The freshmen are mesmerized and enamored. Student leaders are shinning brilliantly. The all- stars are: a bedimpled, white-complexioned and articulate lass, Aurora Marcellana; a bespectacled dark Manilena who looks more of a provinciana, summa cum laude bound Rosita Gallega; a “crush ng bayan” Visayan who appears to be a master of both written and spoken English, Florante Pareñas; and the closest student to Room 2004, better known as Mommy Buenaseda’s kingdom, Edilberto Mandani.
The juniors are led by a conservative, sensitive and intelligent Nilo Rosas who became a VIP at the Department of Education later. His ally, Sheila Alcantara holds court.
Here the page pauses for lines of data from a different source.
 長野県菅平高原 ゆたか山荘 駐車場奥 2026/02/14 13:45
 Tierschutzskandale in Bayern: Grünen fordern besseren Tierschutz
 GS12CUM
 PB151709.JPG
Enrique Coralejo, now the owner of some schools, the boy from Liliw is looking for a place under the sun.
The sophomores are raring to take-over. Malou Macatangay is looked up to as knowledgeable. Julito Pineda and Julian Balisi could not seem to agree on any issue and consequently represented rival parties. Manuel Ortega of the evening stars is a late bloomer. He became a government prosecutor. Milwida Guevarra is serene like the deep blue sea. Guevarra became a respected Undersecretary of Finance.
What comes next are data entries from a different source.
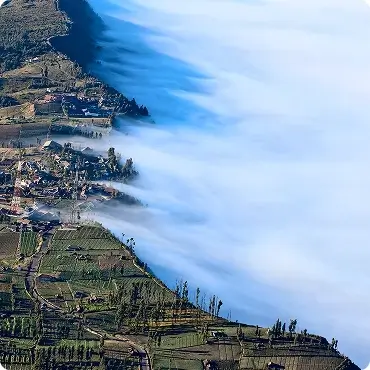 Fog over city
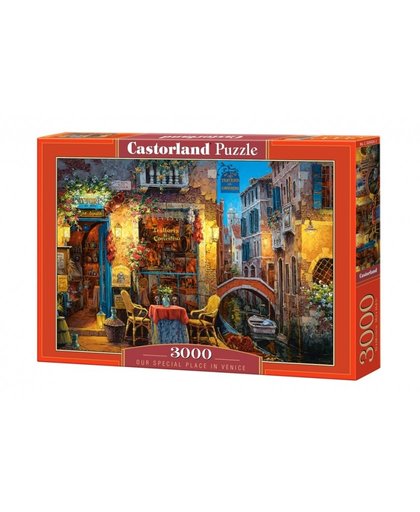 Castorland legpuzzel Our Special Place in Venice 3000 stukjes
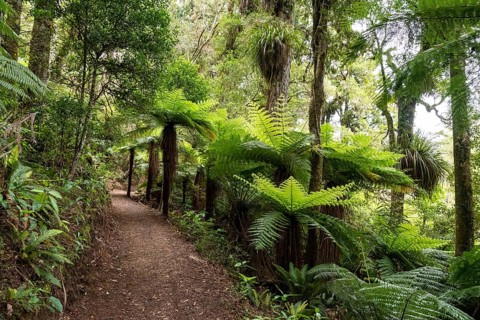 Mountain biking the Old Coach Road, North Island of New Zealand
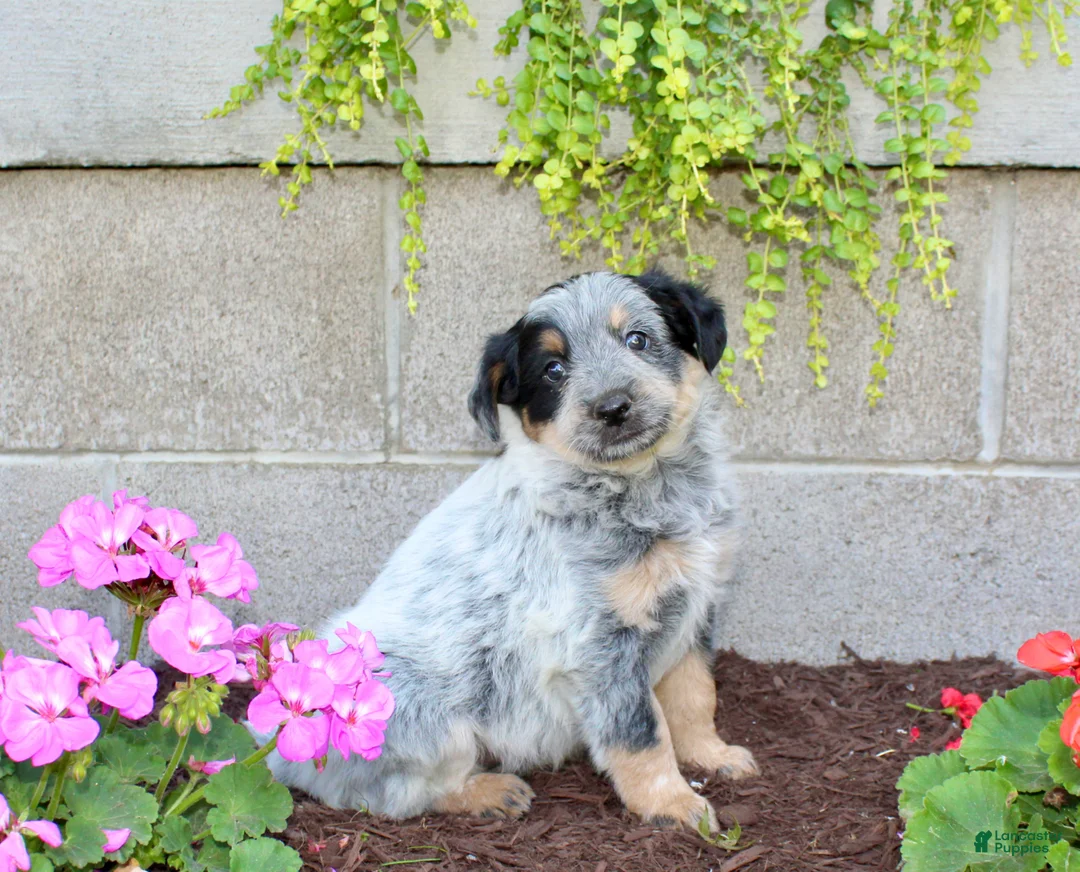 Australian Cattle Dog dogs for sale: Boomer - Ad 6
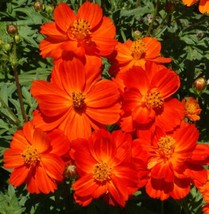 US Seller 100 Seeds Cosmos Dwarf Red 9-12” Tall Blooms All Season Butterflies Be - £8.11 GBP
Since the male specie in the teaching profession is nearing extinction, male applicants with decent high school average are admitted without going through a written examination. Talk about inequality of genders but this is none of our concern.
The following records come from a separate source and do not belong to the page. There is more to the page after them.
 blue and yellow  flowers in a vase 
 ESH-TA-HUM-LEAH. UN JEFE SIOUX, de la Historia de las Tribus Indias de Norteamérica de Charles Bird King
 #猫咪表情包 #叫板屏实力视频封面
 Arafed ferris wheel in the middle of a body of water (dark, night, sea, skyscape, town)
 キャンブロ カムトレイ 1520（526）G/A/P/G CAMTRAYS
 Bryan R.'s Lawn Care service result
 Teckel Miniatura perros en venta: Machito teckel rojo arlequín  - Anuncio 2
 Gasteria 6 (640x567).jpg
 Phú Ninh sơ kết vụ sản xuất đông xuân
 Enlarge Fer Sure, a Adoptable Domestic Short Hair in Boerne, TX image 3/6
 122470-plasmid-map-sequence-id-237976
Registration for freshmen is reported by the registrar as brisk. Myriad freshmen reached 22 day sections; two home economics classes and 6 night sections are formed.
After a year, Batch ’68 is shaping up to be one of the most exciting groups ever to pass the portals of the college. Violeta delos Santos of G-12 has the confidence of a campus leader. Her classmate, Ramon Guinto (San Beda Registrar) is emerging as the unchallenged “Maestro de Espana.” Guillermo Roman and Teofilo Aspillaga of G-14 join the Torch. Florencio de Guzman of G-10 wields charms in student politics. His classmate, Ocadelos Reyes (a three-term Mayor of Mariveles, Bataan) is intent in watching on the sidelines. The coeds (read: pretty ladies) are Espirita Aliwalas of G-1, Aurora Espiritu of G-13, Myrna Vega of G-19, Althea Lozada of G-3. Anastacia Ramos of G-7 and Carmencita dela Cruz of G-3. Anastacia Ramos of G-20 (Mayor of Plaridel, Bulacan) and Samuel Romero of G-17 (Vice Governor of Romblon) seem headed towards classroom duties.
The triumvirate of G-1, Ezekiel Alunen, a prominent and sincere overseas recruiter, Arsenio Maribbay and Jose Valmores (now a corporate lawyer) look formidable. Rene Romero of G-3 has broken his shell and challenges everyone to a debate.
So, a debate billed as the “Clash of the Titans” is staged. Alunen and Valmores on one hand versus Romero and this author on the other. The issue? “Should China be admitted to the United Nations?” The winners? Everybody because all the participants became richer in experience and years later, all these 68 alumni became successful. Valmores and Viray became lawyers. Alunen became the Chief Executive Officer of Dumez Phil. Inc. Romero is a distinguished professor official and Vice-President of our alma matter, PNU.
The professors are worth mentioning:
Education- Paz Abada and Reynando Dante Juanta
English- Lilia Cortes and Rebecca Alcantara
Pilipino- Genoveva Matute and Josefina Cruz
Science- Cesario Golla and Gloria Salandanan
Social Science- Racquel Saguil, Belen Leones and Asuncion Sarreal
Spanish- Teodora Collantes and Rita Madlangsakay
The years rolled fast. Suddenly, 1968 came. It was graduation time.
The graduation speaker is Senate President Gil Puyat of Guagua, Pampanga. The magna cum laude graduates are Nellie Apolonio, Bernardita Ocampo, Ofelia de Leon and Natividad Alegre. There are three male cum laude’s- Ramon Guinto, Ezekiel Alunen and this writer.
One chapter closes but others are still to open in the book of Class ’68.
Fifty years after (2018), we still feel like freshmen. The heart never grows old.